TASK REQUIREMENTS: Transcribe exactly the lines from the top of the records below through the line that holds "Wanda E. Brunstetter's", both included, with no pictures.

RECORDS SUPPLIED:
++++++++

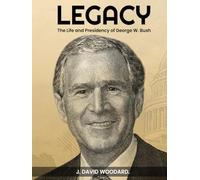 LEGACY: The Life and Presidency of George W. Bush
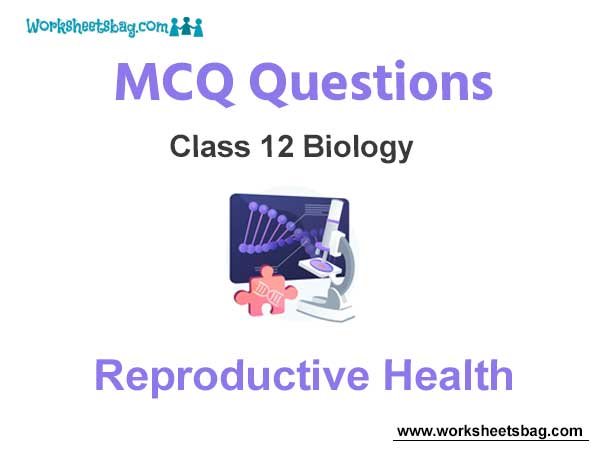 Reproductive Health MCQ Questions Class 12 Biology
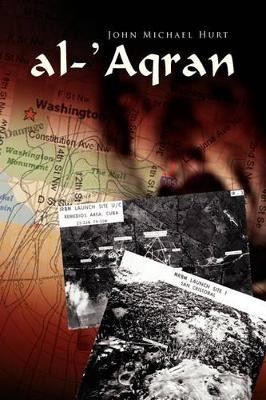 Al-'Aqran John Michael Hurt 9781436324311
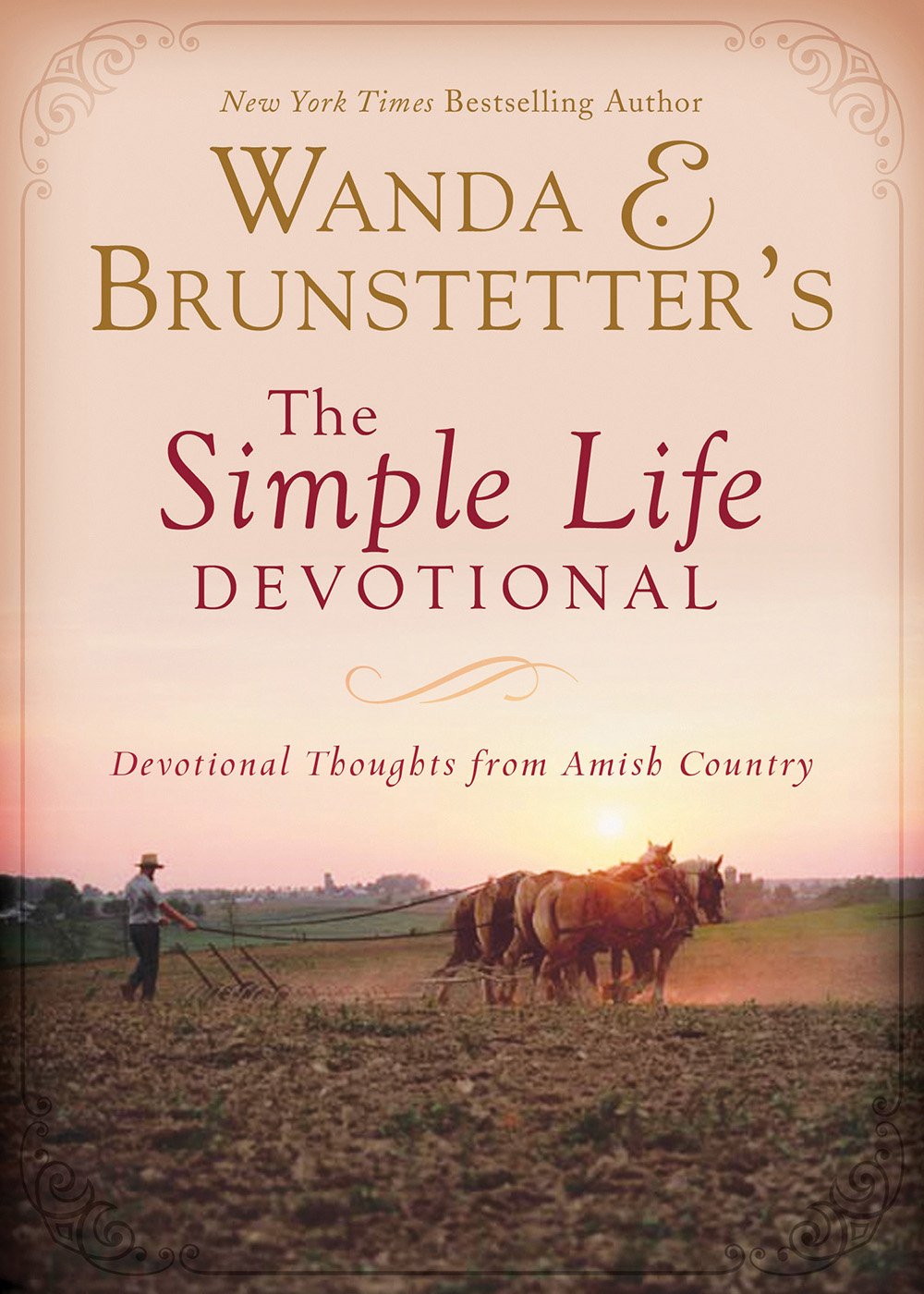 Wanda E. Brunstetter's The Simple Life Devotional: Devotional Thoughts from Amish Country,Used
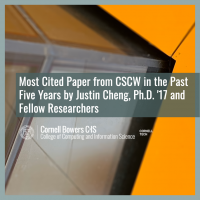 Most Cited Paper from CSCW in the Past Five Years by Justin Cheng, Ph.D. '17 and Fellow Researchers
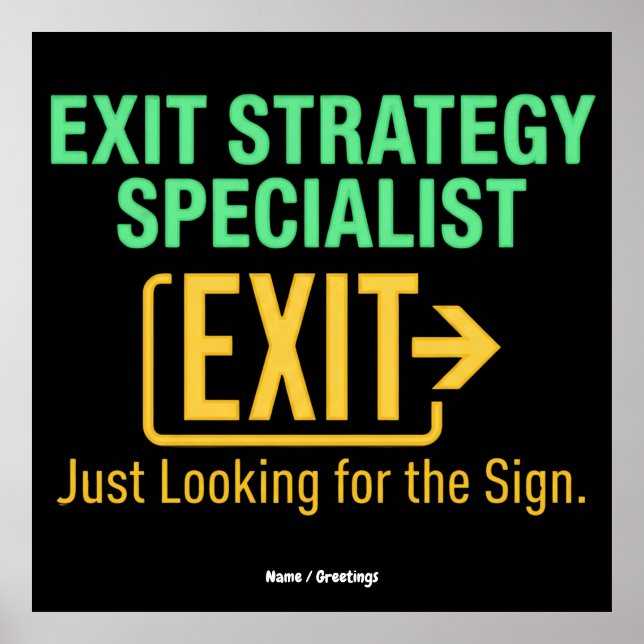 Exit Strategy Specialist Just looking for the Sign (Front)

++++++++

SOLVED EXERCISE:
 LEGACY: The Life and Presidency of George W. Bush
 Reproductive Health MCQ Questions Class 12 Biology
 Al-'Aqran John Michael Hurt 9781436324311
 Wanda E. Brunstetter's The Simple Life Devotional: Devotional Thoughts from Amish Country,Used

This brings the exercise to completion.